Reid IR et al. (2007) Addition of monofluorophosphate to estrogen therapy in postmenopausal osteoporosis: a randomized controlled trial. J Clin Endocrinol Metab 92: 2446–2452

Fluoride increases BMD, but does not seem to reduce fracture rates in patients with osteoporosis, possibly because fluoride alone has no effect on bone resorption. Antiresorptives are effective for fracture prevention; Reid et al. hypothesized that combining low-dose fluoride with an antiresorptive agent might improve the efficacy of fracture prevention treatment. In a randomized trial, the New Zealand research team added glutamine monofluorophosphate (MFP; 20 mg/day) or placebo to hormone replacement therapy with calcium supplementation in 80 postmenopausal women with osteoporosis.
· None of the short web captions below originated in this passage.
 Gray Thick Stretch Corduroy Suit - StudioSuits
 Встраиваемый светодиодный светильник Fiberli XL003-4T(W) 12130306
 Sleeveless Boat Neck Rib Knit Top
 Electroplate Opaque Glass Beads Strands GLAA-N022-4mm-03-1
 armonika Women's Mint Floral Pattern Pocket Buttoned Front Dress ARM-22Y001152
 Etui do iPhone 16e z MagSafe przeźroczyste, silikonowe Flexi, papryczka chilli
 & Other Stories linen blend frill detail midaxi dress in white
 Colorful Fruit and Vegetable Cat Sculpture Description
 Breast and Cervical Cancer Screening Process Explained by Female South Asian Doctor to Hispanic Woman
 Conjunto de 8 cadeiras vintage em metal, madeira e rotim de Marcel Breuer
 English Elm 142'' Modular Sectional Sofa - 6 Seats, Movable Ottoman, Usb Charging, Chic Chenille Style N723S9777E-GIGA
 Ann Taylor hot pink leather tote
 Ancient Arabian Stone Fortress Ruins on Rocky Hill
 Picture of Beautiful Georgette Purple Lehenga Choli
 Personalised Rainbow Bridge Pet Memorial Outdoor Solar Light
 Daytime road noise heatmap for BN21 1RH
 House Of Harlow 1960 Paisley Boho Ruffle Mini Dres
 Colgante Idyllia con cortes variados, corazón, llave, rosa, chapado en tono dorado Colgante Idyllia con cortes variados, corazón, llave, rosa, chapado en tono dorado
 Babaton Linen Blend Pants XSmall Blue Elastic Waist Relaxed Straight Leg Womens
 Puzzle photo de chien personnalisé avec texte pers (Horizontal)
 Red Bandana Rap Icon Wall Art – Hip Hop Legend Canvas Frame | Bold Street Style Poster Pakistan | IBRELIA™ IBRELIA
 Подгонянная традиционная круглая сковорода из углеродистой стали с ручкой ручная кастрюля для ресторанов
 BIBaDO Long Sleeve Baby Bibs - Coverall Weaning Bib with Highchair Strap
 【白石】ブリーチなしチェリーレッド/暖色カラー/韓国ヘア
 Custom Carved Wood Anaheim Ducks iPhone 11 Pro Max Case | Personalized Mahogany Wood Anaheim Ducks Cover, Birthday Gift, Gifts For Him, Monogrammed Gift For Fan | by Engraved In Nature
After 4 years, BMD in the lumbar spine had increased by 22% in the MFP group, compared with 6% in the placebo group. In the femoral neck, BMD had increased by 4.6% in the MFP group, but decreased slightly in the placebo group. There were significantly fewer new vertebral fractures in the MFP group (hazard ratio 0.2 for MFP vs placebo). There were, however, more nonvertebral fractures in the MFP group than in the placebo group. Analysis of bone turnover markers showed significant stimulation of bone formation by MFP; however, MFP was associated with hyperosteoidosis in five of seven patients who provided bone biopsies.

The authors conclude that fluoride treatment has potent effects on bone formation, but causes unacceptable bone mineralization abnormalities at the 20 mg/day dose used in the study. They recommend further trials of lower doses of MFP.